> **Directions for this task**: Where a line contains the word "vidaXL", copy that line from the records below.

Web page caption snippets:
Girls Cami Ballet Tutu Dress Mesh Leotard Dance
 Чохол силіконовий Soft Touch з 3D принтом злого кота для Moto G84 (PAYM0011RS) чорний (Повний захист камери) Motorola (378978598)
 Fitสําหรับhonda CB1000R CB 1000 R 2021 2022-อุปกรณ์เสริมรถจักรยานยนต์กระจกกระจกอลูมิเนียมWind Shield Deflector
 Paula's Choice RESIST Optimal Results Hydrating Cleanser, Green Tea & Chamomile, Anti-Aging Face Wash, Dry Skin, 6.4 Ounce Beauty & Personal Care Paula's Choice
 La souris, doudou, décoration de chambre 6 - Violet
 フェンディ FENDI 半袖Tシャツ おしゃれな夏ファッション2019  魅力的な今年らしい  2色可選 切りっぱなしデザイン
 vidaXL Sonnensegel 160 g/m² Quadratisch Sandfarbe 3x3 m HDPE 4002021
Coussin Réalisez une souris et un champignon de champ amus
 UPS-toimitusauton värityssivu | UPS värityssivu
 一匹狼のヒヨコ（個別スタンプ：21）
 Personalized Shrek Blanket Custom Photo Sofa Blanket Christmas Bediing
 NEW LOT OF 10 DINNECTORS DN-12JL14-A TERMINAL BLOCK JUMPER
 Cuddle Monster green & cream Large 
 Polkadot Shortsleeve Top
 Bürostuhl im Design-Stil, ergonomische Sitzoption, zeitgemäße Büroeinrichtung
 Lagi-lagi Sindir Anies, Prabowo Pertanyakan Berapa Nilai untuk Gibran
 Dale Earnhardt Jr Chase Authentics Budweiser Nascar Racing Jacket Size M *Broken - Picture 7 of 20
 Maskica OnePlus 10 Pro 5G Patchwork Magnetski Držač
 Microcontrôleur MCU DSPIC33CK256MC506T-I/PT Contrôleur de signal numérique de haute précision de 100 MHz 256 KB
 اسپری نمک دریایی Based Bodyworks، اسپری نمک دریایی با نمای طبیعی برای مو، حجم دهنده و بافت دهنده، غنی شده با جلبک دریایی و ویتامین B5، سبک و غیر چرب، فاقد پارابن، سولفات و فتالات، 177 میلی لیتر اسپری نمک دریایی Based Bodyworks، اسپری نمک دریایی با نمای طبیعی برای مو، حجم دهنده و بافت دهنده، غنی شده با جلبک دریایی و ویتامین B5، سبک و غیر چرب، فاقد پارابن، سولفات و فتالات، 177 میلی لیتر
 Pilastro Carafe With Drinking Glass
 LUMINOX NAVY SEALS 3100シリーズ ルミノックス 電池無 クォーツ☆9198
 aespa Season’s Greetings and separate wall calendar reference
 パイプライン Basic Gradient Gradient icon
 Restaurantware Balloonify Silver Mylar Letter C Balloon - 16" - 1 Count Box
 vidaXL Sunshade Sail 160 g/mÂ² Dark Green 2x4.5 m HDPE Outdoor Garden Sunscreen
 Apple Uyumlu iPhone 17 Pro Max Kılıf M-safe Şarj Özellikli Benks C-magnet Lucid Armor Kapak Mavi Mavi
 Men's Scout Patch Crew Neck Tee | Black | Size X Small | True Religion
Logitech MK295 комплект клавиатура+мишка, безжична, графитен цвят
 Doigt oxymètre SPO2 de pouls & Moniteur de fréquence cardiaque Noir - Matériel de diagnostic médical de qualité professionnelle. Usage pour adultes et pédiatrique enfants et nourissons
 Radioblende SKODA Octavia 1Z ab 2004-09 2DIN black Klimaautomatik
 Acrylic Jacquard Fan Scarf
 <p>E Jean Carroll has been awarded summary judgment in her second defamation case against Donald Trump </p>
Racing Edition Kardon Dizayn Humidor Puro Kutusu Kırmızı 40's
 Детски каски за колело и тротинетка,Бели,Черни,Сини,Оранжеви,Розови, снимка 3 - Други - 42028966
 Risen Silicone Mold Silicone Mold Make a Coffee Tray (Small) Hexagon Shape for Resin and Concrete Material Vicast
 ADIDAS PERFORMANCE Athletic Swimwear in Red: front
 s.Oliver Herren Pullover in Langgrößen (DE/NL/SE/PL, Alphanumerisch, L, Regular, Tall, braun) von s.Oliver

> **Response for this exercise**:
 vidaXL Sonnensegel 160 g/m² Quadratisch Sandfarbe 3x3 m HDPE 4002021
 vidaXL Sunshade Sail 160 g/mÂ² Dark Green 2x4.5 m HDPE Outdoor Garden Sunscreen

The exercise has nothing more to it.